Various methods have been tested to make the ZrO2 electrolyte film, e.g., tape casting, colloidal casting, dry pressing, plasma spraying [5], electrochemical vapor deposition (EVD) [6], physical vapor deposition (PVD) [7], and more recently, electrophoretic deposition (EPD) [8]. Up to date, the most applicable SOFC system, which was developed by the Siemens Westinghouse Power, utilized EVD process for its ZrO2 electrolyte film. However, it is a very expensive process that prevents their achievements to be really commercialized. Because the cost of PVD is also high and most of the cheaper processes do have their difficulties of obtaining controllable precision and repeatable quality, EPD has become a prominent alternative with great potential.
EPD is a process with history. It employs a direct current (DC) electric field to move and deposit charged particles in suspension onto an arbitrarily shaped electrode with opposite charge. Such a process is ideal for ceramic materials, and even multilayer ceramic composites, with layer thickness down to 2 μm [9], have been successfully made via EPD. This cheap and fast technique not only makes complicatedly shaped ceramic products possible for wide applications but also avoids such difficulties as debinder compared to other wet processes when additives are inevitable. Most of all, the controllability of deposit thickness and uniformity, the simplicity of process apparatus, as well as the feasibility to mass production make EPD one of the best choices to fabricate the ZrO2 electrolyte film.
Numerous studies have been published on the use of EPD to produce ceramic films and coatings.
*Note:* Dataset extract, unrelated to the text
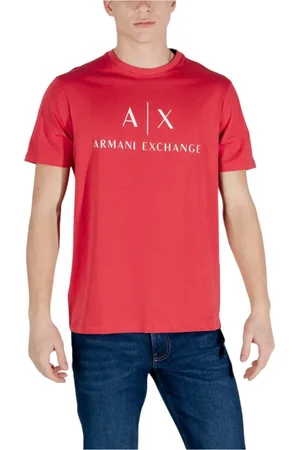 Armani Exchange Homme, Tops, Rouge, Taille: XS T-shirt Rouge Imprimé Col Rond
Among them, some were devoted to the fabrication of the ZrO2 electrolyte film onto porous anode or cathode substrates [10]. In spite of both the economic and environmental disadvantages, however, most of these researches employed organic solvents, instead of water, as the carrier of their suspensions to avoid the detrimental effects of electrolysis of water on the quality of deposited film. Although there are a few studies [11–22] focused on the development of aqueous EPD technique with suppressed/controlled electrolysis problem, seldom has been found in the field of SOFC. In this paper, preparation of yttria-stabilized zirconia (YSZ) electrolyte film on a porous anode Ni/YSZ cermet was investigated using aqueous EPD. In addition, the effects of process parameters on deposition rate and quality of the film were discussed.
Experimental
Ni/YSZ cermet
NiO (NiO-F, INCO, Canada) and YSZ (HSY-3.0, Daiichi Kigenso, Japan) powders, with mean particle sizes of 0.3 and 0.5 μm, respectively, were mixed according to a 1:1 weight ratio and milled in distilled water (σ ~ 0.5 μs/cm) by using an attritor (Model 01, Union Process, USA). Suspensions with solid loading of 10 wt% were thus formed, and green cakes were subsequently made out of these slurries by pressure casting them through a 0.3-μm filter (Versapor 800, Pall, USA) using N2 gas at 15 kg/cm2.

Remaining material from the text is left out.